====== Records for processing

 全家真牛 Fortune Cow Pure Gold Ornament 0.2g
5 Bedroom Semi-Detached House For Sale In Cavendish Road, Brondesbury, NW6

============
====== Records for processing

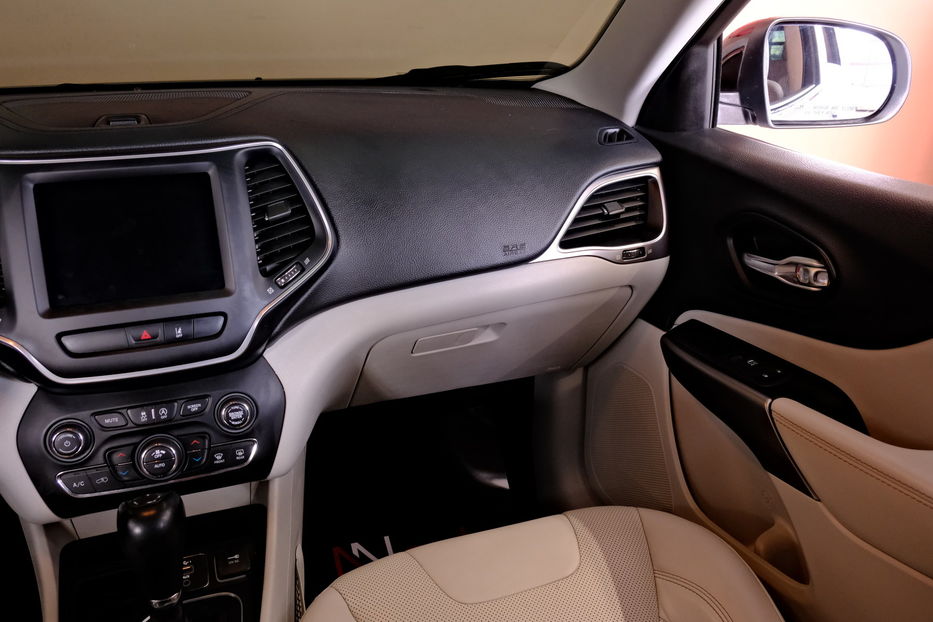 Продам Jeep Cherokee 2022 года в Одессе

============

# Activity:
Where the data above reaches the line holding "全家真牛 Fortune Cow Pure Gold Ornament 0.2g", begin printing, and stop after the line holding "5 Bedroom Semi-Detached". Each line must be reproduced exactly, with nothing else added.

# Output:
 全家真牛 Fortune Cow Pure Gold Ornament 0.2g
5 Bedroom Semi-Detached House For Sale In Cavendish Road, Brondesbury, NW6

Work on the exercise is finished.